--- START ---
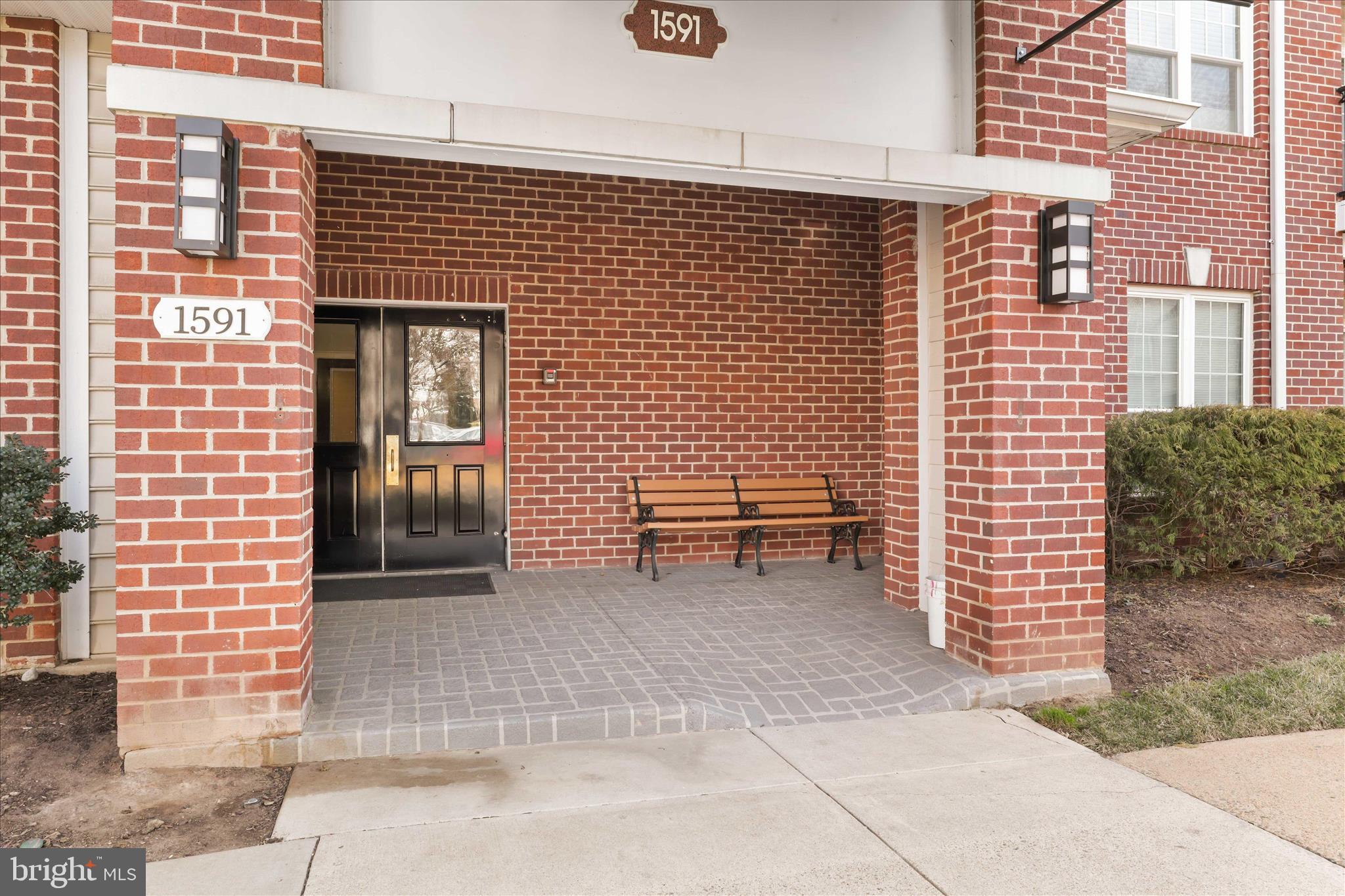 GATES OF MCLEAN - Residential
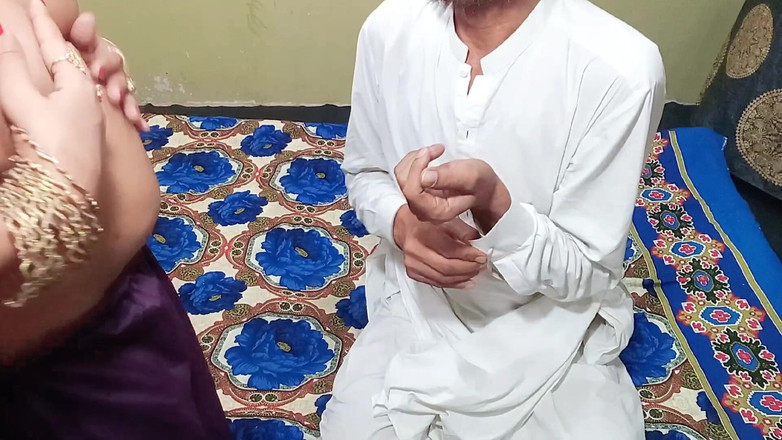 HotQueenPk: Indisches heißes zimmermädchen hart gefickt von ihrem chef, indischer desi-blowjob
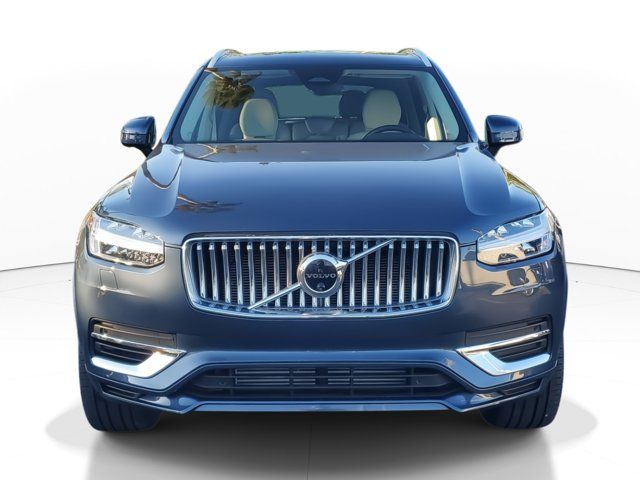 2023 Volvo XC90 Recharge Plug-In Hybrid Plus Bright Theme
--- END ---
● **Exercise objective**:
Write every line above again exactly, but leave the pictures out.

● **Answer to the problem**:
 GATES OF MCLEAN - Residential
 HotQueenPk: Indisches heißes zimmermädchen hart gefickt von ihrem chef, indischer desi-blowjob
 2023 Volvo XC90 Recharge Plug-In Hybrid Plus Bright Theme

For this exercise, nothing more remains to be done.